The 2001 adaptation of the famed comic book series is a sincerely heartfelt tale of friendship in the face of growing fame and a feature-length jab at the industries behind its existence
Time has been kind to Josie and the Pussycats. Long before the fictional rock band featured in TV’s Riverdale, their Archie Comics source material was brought to the big screen in 2001. Writer-director duo Harry Elfont and Deborah Kaplan (Can’t Hardly Wait) were at the helm, with Rachael Leigh Cook, Rosario Dawson and Tara Reid cast as band members Josie, Valerie and Melody, respectively, and the glorious scenery-chewing pair of Parker Posey and Alan Cumming as antagonists. But there was a twist.
While operating perfectly well as a sincerely heartfelt tale of friendship in the face of growing fame, the film is also a feature-length jab at the industries behind its existence, skewering consumerism, subliminal advertising, and the very notion of adapting a comic into a movie. Josie is an indelible early 2001 time capsule, but it also feels of a piece with the later meta stylings of Phil Lord and Chris Miller, whose 21 Jump Street and The LEGO Movie also walk a fine line between enthusiastic adaptation of an intellectual property and more cynically questioning their very existence. Comparing it to closer contemporaries, it’s something like Spice World meets Zoolander.
Josie was made in the peak era of Mickey Mouse Club alumni (Britney Spears, Christina Aguilera) and moguls like Lou Pearlman (creator of *NSYNC). The silliness of certain aspects of that era’s pop music is taken to extremes with boy band DuJour, whose apparent demise in a plane crash prompts the talent-scouting of the more rock-inclined Pussycats, as a replacement act for MegaRecords’ nefarious schemes concerning brainwashing the world’s youths with subliminal messaging in hit songs.

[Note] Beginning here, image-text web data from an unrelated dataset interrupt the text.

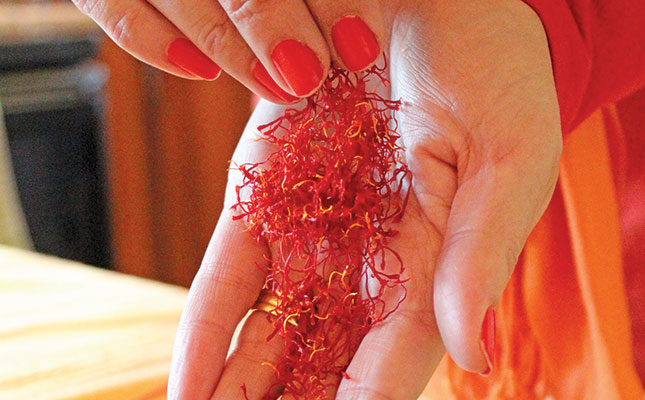 A guide to farming saffron in South Africa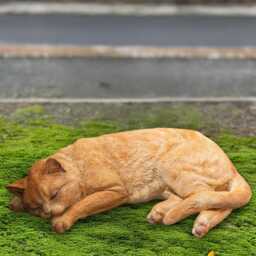 Stone Kitten Ornament Outdoor Sleeping Cat Statue Pet Memorial Figurine Concrete Ginger Sculpture Garden Kitty Decor Lover Gift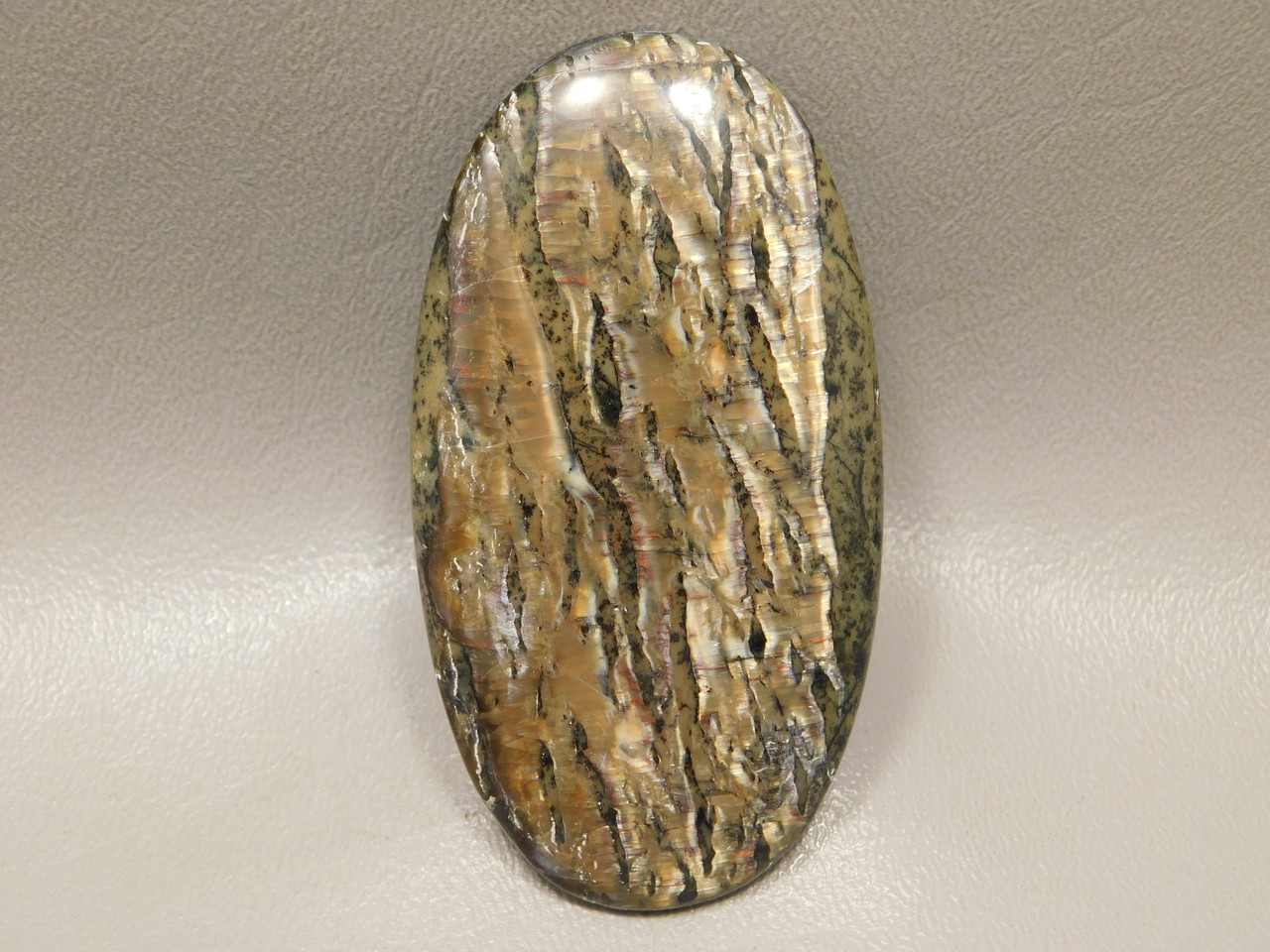 Arizona Pietersite Large Collector Cabochon #XL1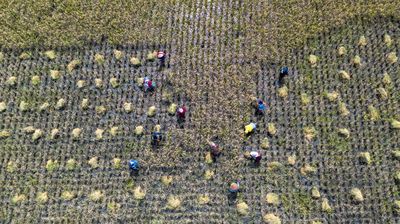 Panen Raya Dorong Kenaikan Produksi Padi Nasional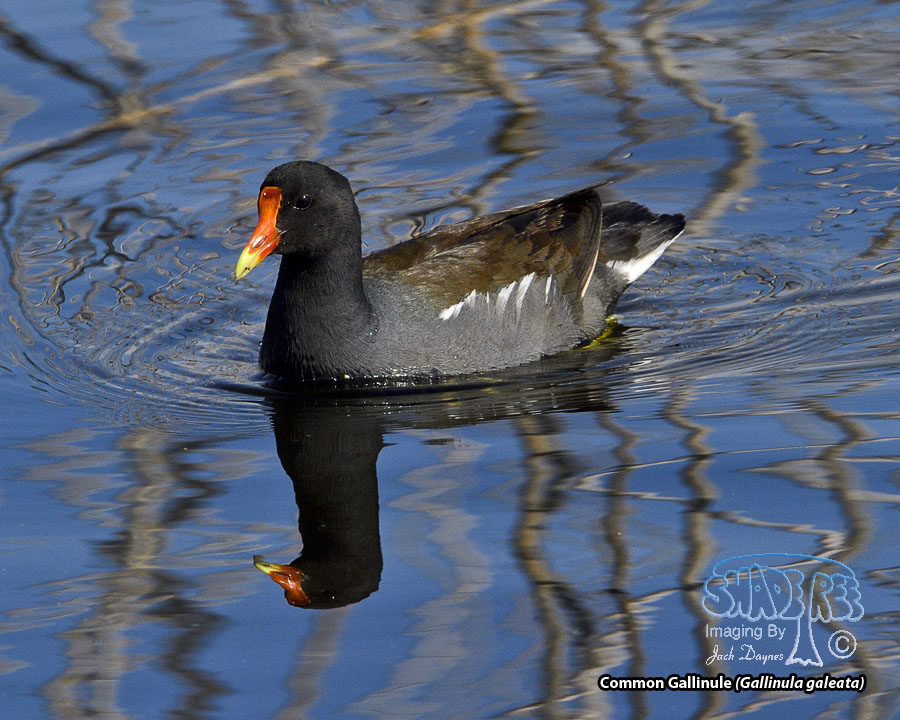 Common Gallinule - Gallinula galeata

The film’s prologue, with DuJour performing at an airport before boarding their private jet, is an overt riff on the music video for Backstreet Boys’ “I Want It That Way”. The song they perform, “Backdoor Lover” is, to adult ears, quite explicitly a song about proposing anal sex: “You know that I won’t hurt you, so open up and let me in / We love each other way too much for it to be a sin.”
It’s testament to the song-writing craft that the lyrics’ innuendo is somehow still vague enough that kids and inattentive parents could plausibly think the song is about a guy sneaking into his girlfriend’s house to avoid her parents, despite “running my hands across your cheeks” being one of the earliest lines. And while the DuJour tracks veer into actual ribbing territory, there’s still evident affection for the music being referenced; understanding the appeal while heightening the genre’s sexually suggestive cheese. The film wouldn’t work if the songs of either featured group were trash and not endearing earworms with strong hooks.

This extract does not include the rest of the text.